** Work item **
Return all of the data exactly, omitting any images.

[Given data — start]

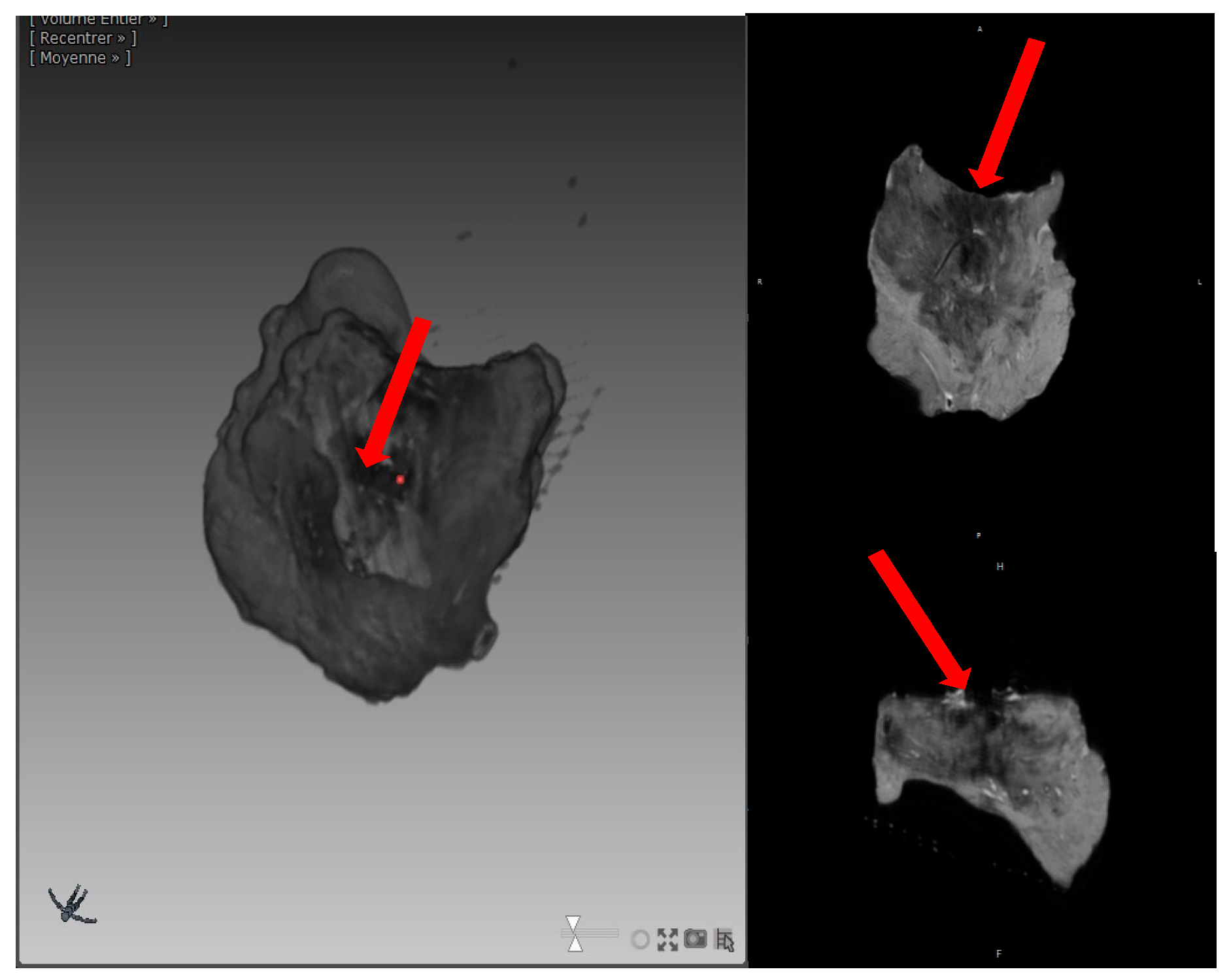 Jcm 13 05153 g006 Jcm 13 05153 g006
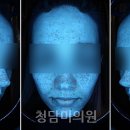 청담미의원 네이버블로그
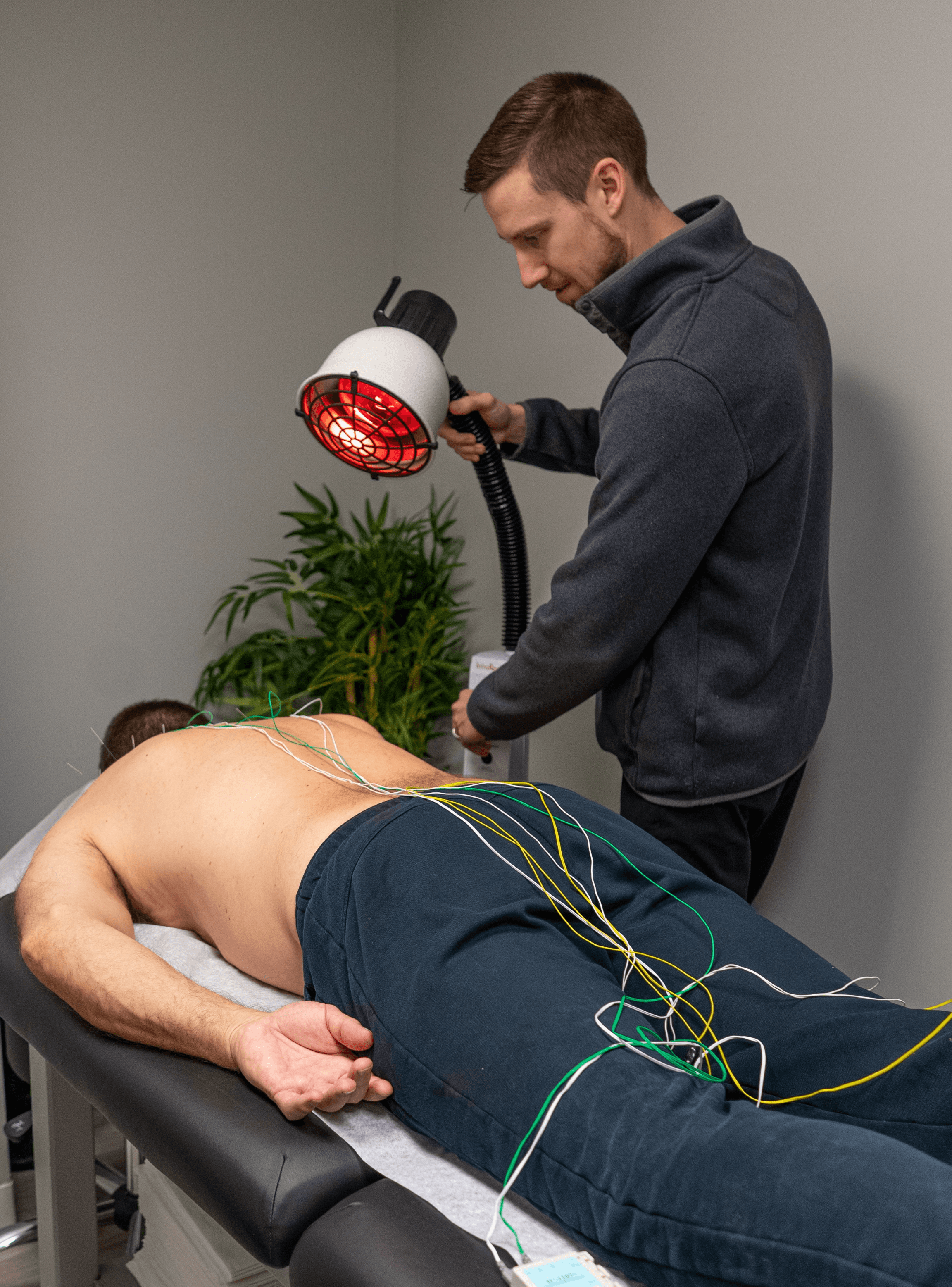 Acupuncture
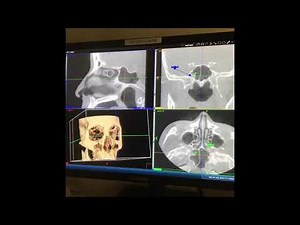 How to Interpret Your CT Scan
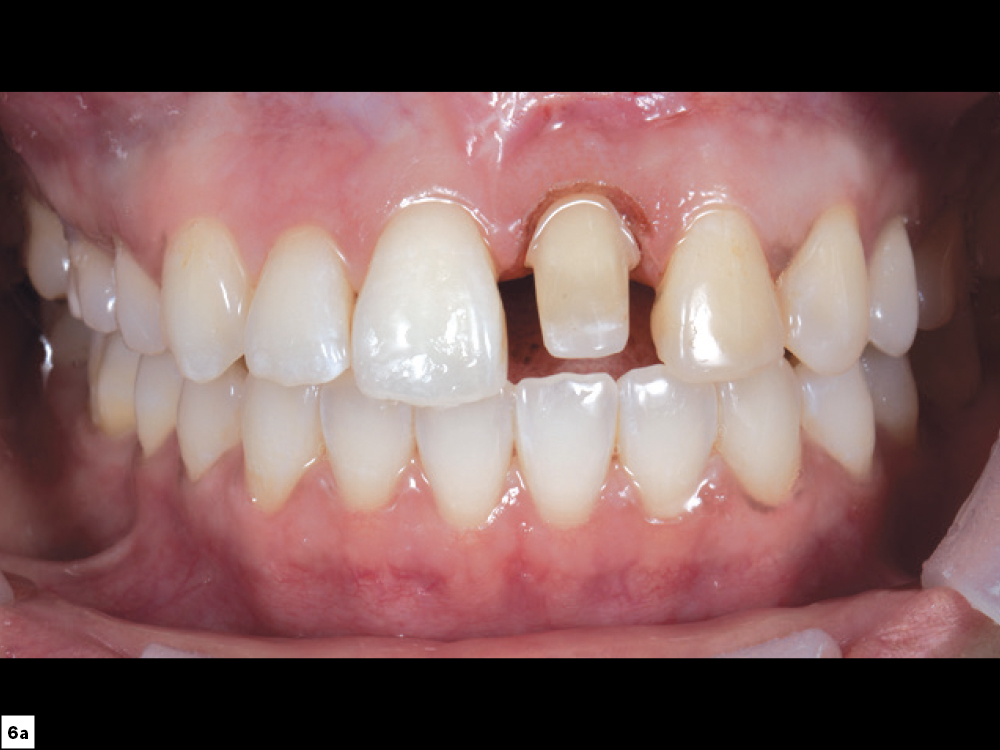 Figure 6A CSM V16I1 A Multidisciplinary Approach for the Best Esthetics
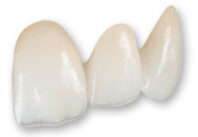 Full Ceramic, dental crown,, bridge, dental crowns, dental bridge, all ceramic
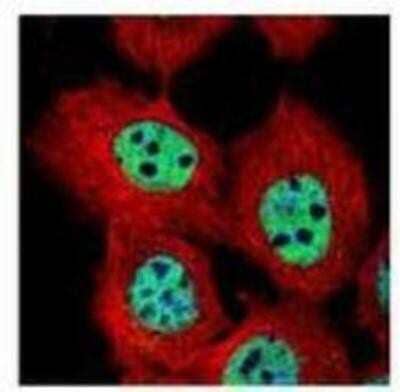 Immunocytochemistry/Immunofluorescence: DUSP16 Antibody [NBP1-33747] - Paraformaldehyde-fixed A431, using DUSP16 (NBP1-33747) antibody (Green) at 1:500 dilution. Alpha-tubulin filaments were labeled with (Red) at 1:2000.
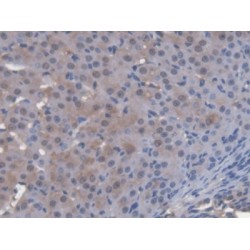 Cytosolic Ovarian Carcinoma Antigen 1 (COVA1) Antibody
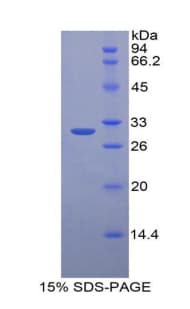 Mouse HGD Protein (Recombinant His-T7)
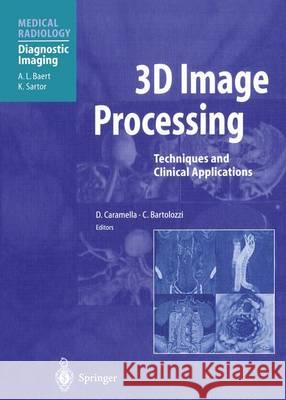 3D Image Processing: Techniques and Clinical Applications A.L. Baert, D. Caramella, C. Bartolozzi 9783642639777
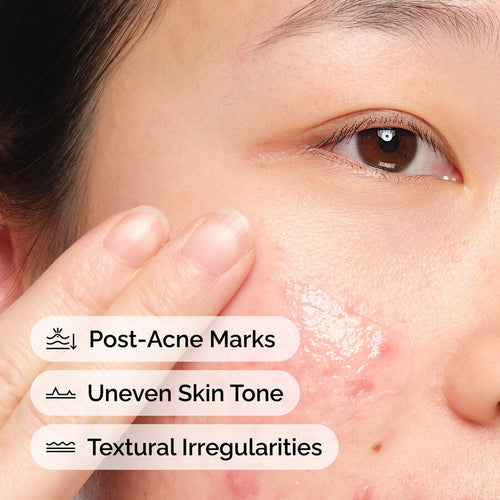 The Ordinary Blemish Solution with Aloe 2% and NAG 2% | Item Overview　Me 3v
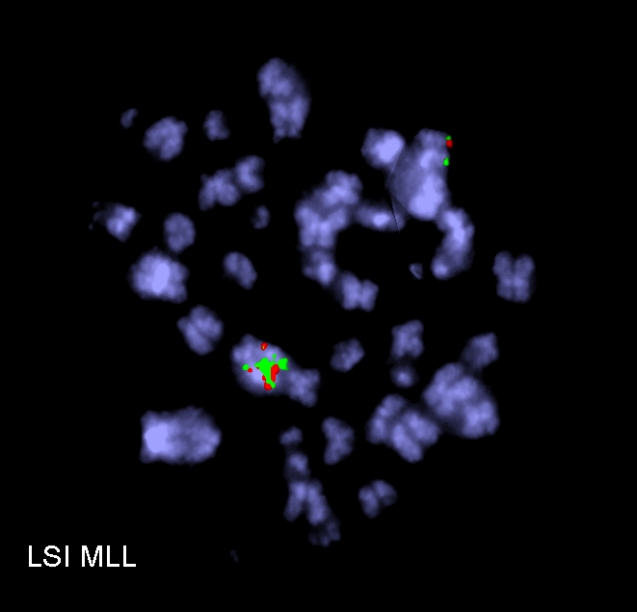 Pathological chromosomes of bone marrow cell of female with acute myeloid leukemia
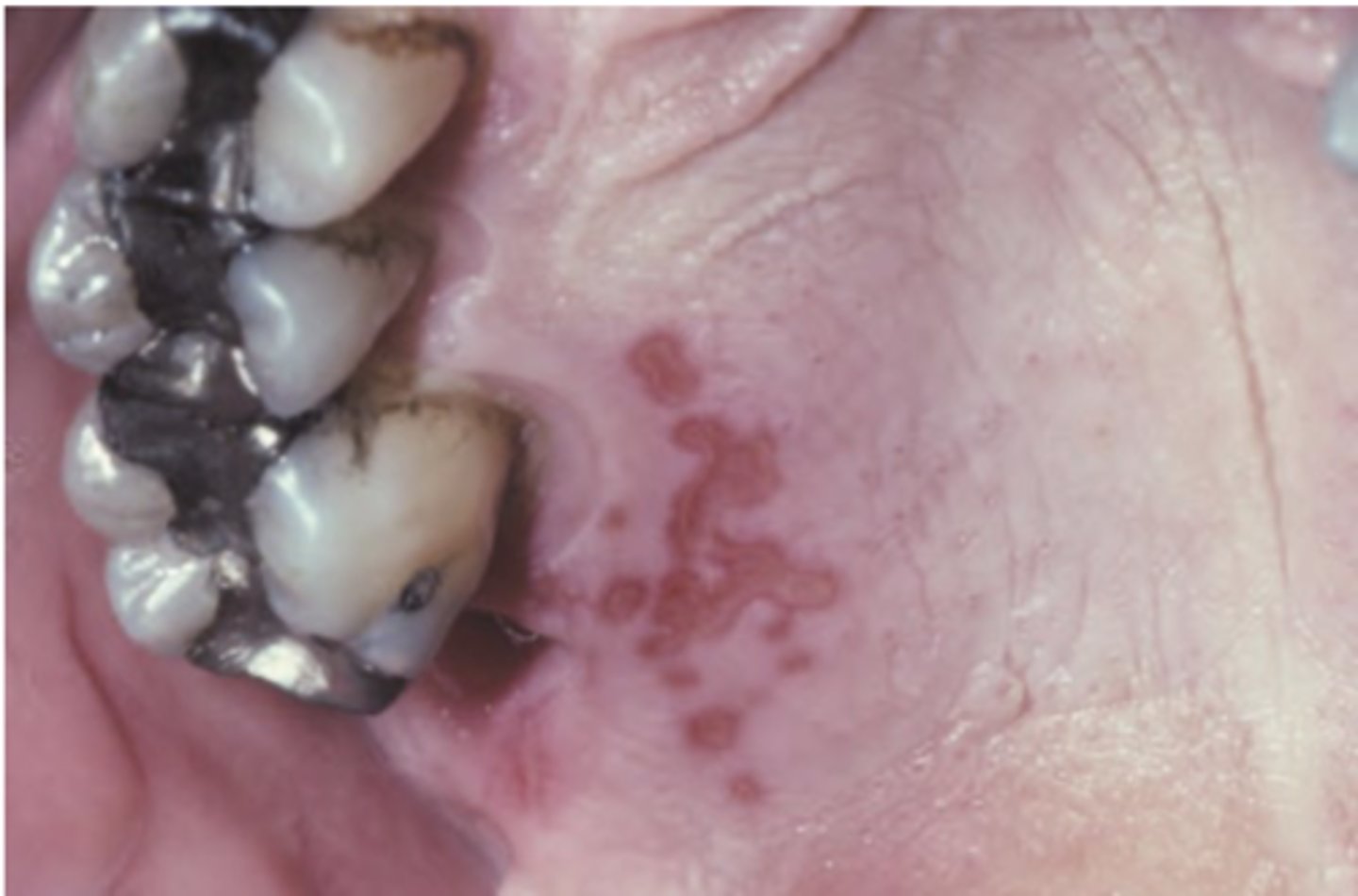<p>Hint: occurs on keratinized mucosa bound to bone (attached gingiva and hard palate)</p>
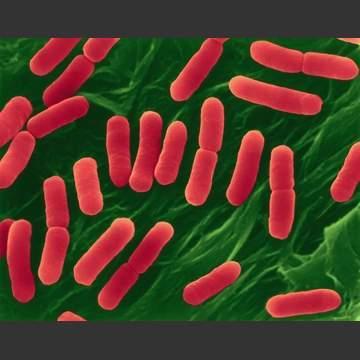 diseases Cell: Escherichia coli (E.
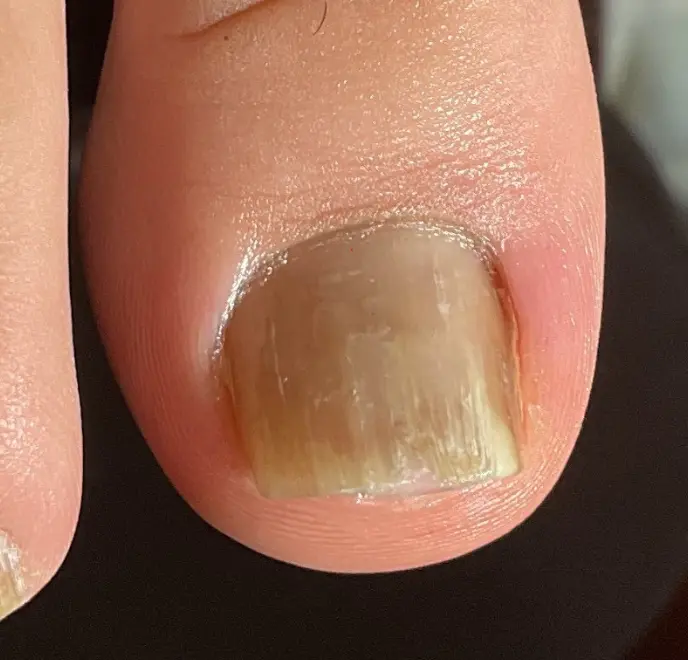 新宿巻き爪ケア ルポ症例写真 割れ爪・欠け爪After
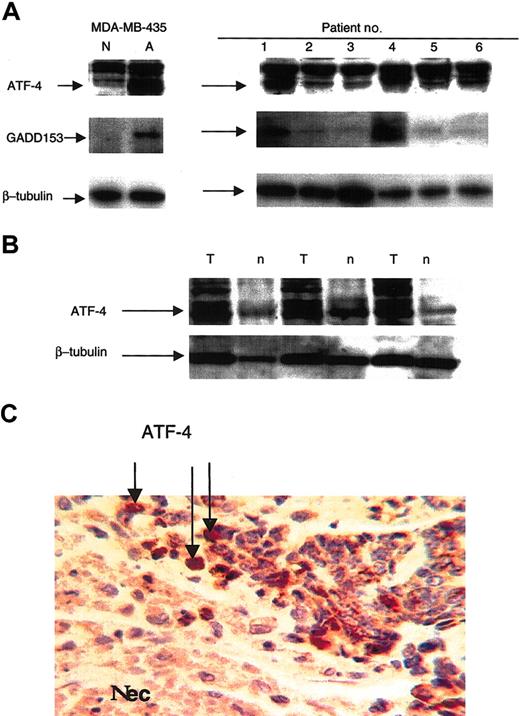 Figure 5. Expression of ATF-4 in primary human breast cancer tumors correlates with that of GADD153, and tumor-section staining indicates ATF-4 expression near necrotic areas. (A) Extracts made from primary malignant human breast tumors were analyzed by immunoblot for ATF-4 and GADD153 protein levels. MDA-MB 435 cells incubated for 16 hours in normoxia or anoxia were used as control. (B) Paired malignant tumor (T)/normal (n) tissue extracts were analyzed using immunoblot for ATF-4 expression. (C) After dewaxing and rehydration, 5-μm sections of metastatic breast tumors were analyzed for ATF-4 expression by immunostaining. Original magnification, × 120.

[Given data — finish]

** Reply **
 Jcm 13 05153 g006 Jcm 13 05153 g006
 청담미의원 네이버블로그
 Acupuncture
 How to Interpret Your CT Scan
 Figure 6A CSM V16I1 A Multidisciplinary Approach for the Best Esthetics
 Full Ceramic, dental crown,, bridge, dental crowns, dental bridge, all ceramic
 Immunocytochemistry/Immunofluorescence: DUSP16 Antibody [NBP1-33747] - Paraformaldehyde-fixed A431, using DUSP16 (NBP1-33747) antibody (Green) at 1:500 dilution. Alpha-tubulin filaments were labeled with (Red) at 1:2000.
 Cytosolic Ovarian Carcinoma Antigen 1 (COVA1) Antibody
 Mouse HGD Protein (Recombinant His-T7)
 3D Image Processing: Techniques and Clinical Applications A.L. Baert, D. Caramella, C. Bartolozzi 9783642639777
 The Ordinary Blemish Solution with Aloe 2% and NAG 2% | Item Overview　Me 3v
 Pathological chromosomes of bone marrow cell of female with acute myeloid leukemia
<p>Hint: occurs on keratinized mucosa bound to bone (attached gingiva and hard palate)</p>
 diseases Cell: Escherichia coli (E.
 新宿巻き爪ケア ルポ症例写真 割れ爪・欠け爪After
 Figure 5. Expression of ATF-4 in primary human breast cancer tumors correlates with that of GADD153, and tumor-section staining indicates ATF-4 expression near necrotic areas. (A) Extracts made from primary malignant human breast tumors were analyzed by immunoblot for ATF-4 and GADD153 protein levels. MDA-MB 435 cells incubated for 16 hours in normoxia or anoxia were used as control. (B) Paired malignant tumor (T)/normal (n) tissue extracts were analyzed using immunoblot for ATF-4 expression. (C) After dewaxing and rehydration, 5-μm sections of metastatic breast tumors were analyzed for ATF-4 expression by immunostaining. Original magnification, × 120.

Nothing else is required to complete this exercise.